Anabolic Steroids (AAS) in Sports

The quest for performance enhancing drugs has been there since many centuries with many old civilisations each having their own version of substances they considered improved stamina, built or both. Anabolic Androgenic Steroids (AAS) are any synthetic or naturally occurring chemicals that introduce and/or modify the molecular structure of testosterone and enhancing the body’s muscle building. Unfortunately due to this characteristic, these drugs are being used, and in most cases abused, by users, mostly in the field of sports and media, especially with athletes and weight lifting professionals.

The most common reason one hears for the use of anabolic steroids is to quickly put on mass and muscle and to improve strength and physical looks. However, research abounds on the detrimental effects of steroid use in the long run, including masculinities in women and gynocomastia in men and even reduced life expectancy in both genders.

The International Olympic Committee (IOC) defines doping as the “use of endogenous or exogenous substances in abnormal amounts intended to increase the performance of athletes in competition”. The rule was passed in 1964 and athletes were tested starting 1968. Anabolic steroids are very much part of this list along with other substances like narcotics, peptide hormones and other stimulants and are therefore prohibited for use by sportsmen.

The first case of doping and abuse of steroids was reported in 1950 with Russian athletes and the first documented fatality as a result of doping was during the 1960 Olympics. The IOC banned doping in 1964 and adopted testing from 1967. However, reports of medicines being used to work around the tests were found in 1970 and a more stringent test was initiated in 1976 Olympics. 1988 saw Ben Johnson become the first Olympic gold medal winner in track and field to be stripped of his medal after testing positive for AAS, followed by Marion Jones, being stripped of 5 gold medals. The most recent case is that of Lance Armstrong, who in 2013, was stripped of all seven Tour de France titles won from 1999, given a lifetime ban by the International Cycling Union and later being tripped of Olympic bronze medal from the 2000 Sydney Games.

The World Anti-Doping Agency (WADA), requires all sportsmen to adhere to a revised code against use of prohibited substances and has five standards – testing, laboratories, exceptions for medical use, list of prohibited substances and confidentiality of information. Anyone thus found using AAS is said to have violated the code.

The biochemistry of steroids

Steroids are essentially lipids and are produced by various organs in the human body from cholesterol. The three essential types of steroids in the body are – androgens or male hormones, oestrogen or female hormones and cortisone, a hormone produced by both sexes to control critical bodily functions, including cardiovascular and skeletal muscles. The two main types of synthetic steroids include corticosteroids, variants of cortisone, used for treatment of conditions like asthma and AAS, variants of testosterone with very little true medical use.

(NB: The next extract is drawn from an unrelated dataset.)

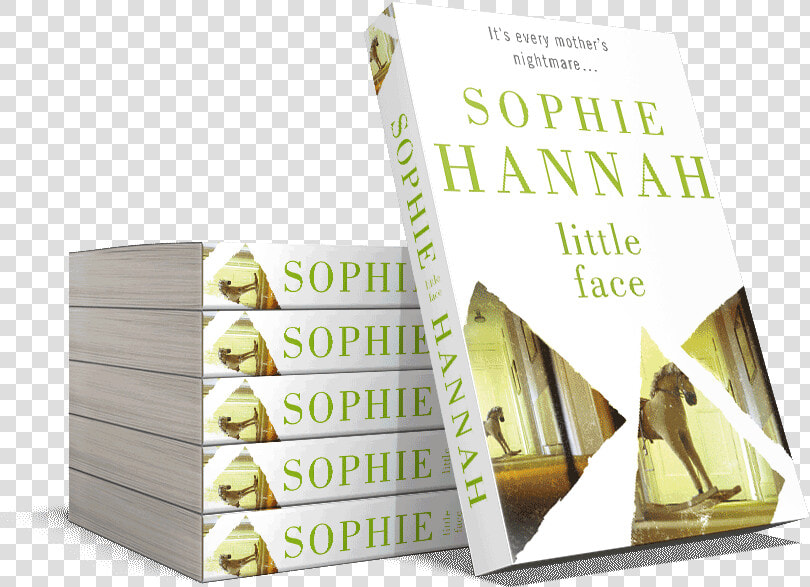 Novel  HD Png DownloadTransparent PNG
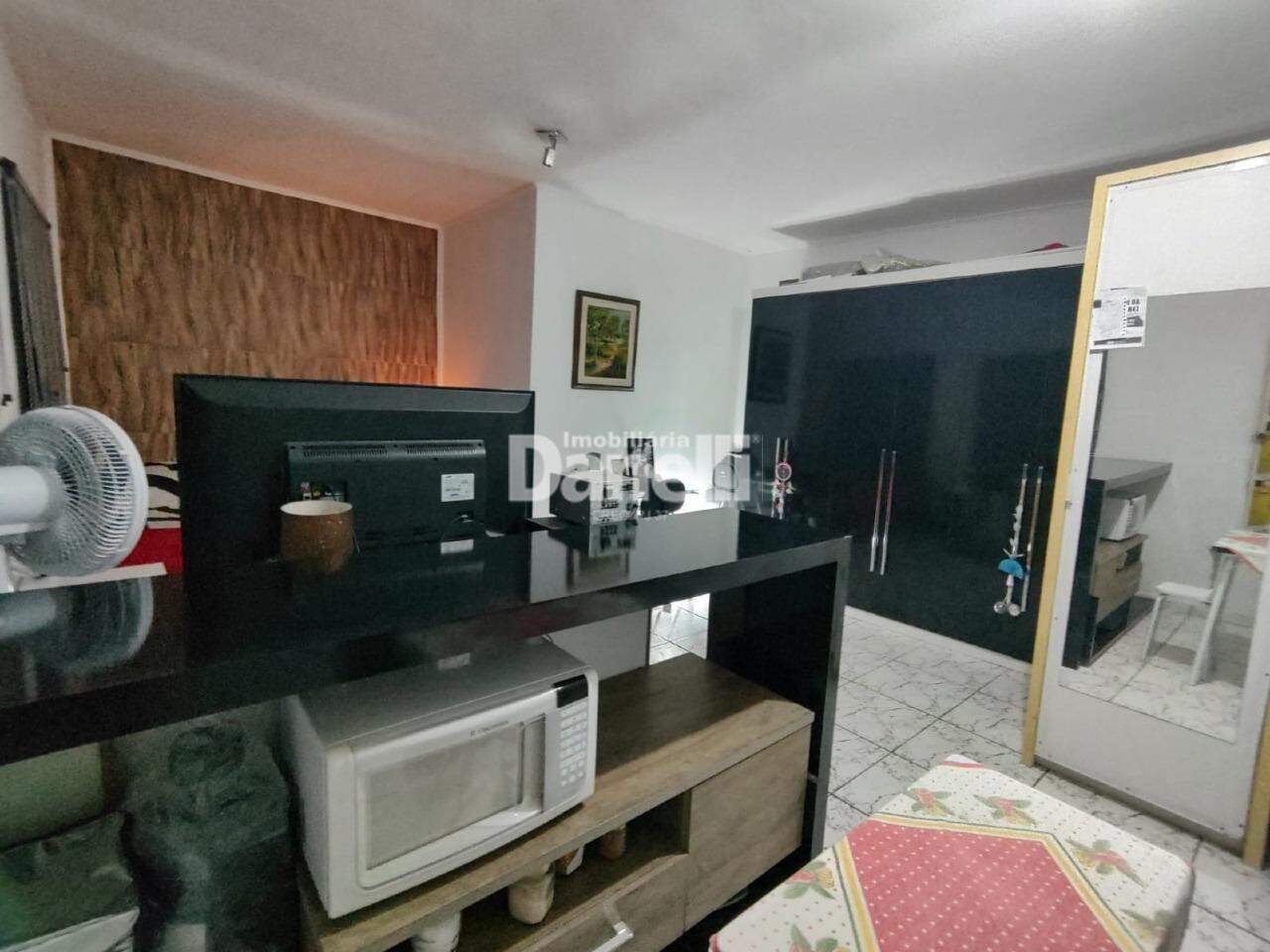 Casa à venda no Alto São Pedro:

The most common method of administering steroids is orally or through intramuscular injections, though commercially, skin attachments and sprays are also available. It depends on the synthesis of the drug and the manner in which the testosterone molecule has been modified. When used, testosterone molecules enter the cell and attach themselves to a testosterone receptor and move to penetrate the nucleus where they bind to specific portions of the DNA to release RNam. They then detach themselves and become inactive. Since the upper half of the human body has significantly more number of such receptors for the steroid to attach to, there is better muscle accumulation in the torso due to the drug.

Three is also a practice of ‘stacking’, using multiple variants simultaneously based on their different effects and ‘cycling’, wherein the process is put through a cycle of a few weeks.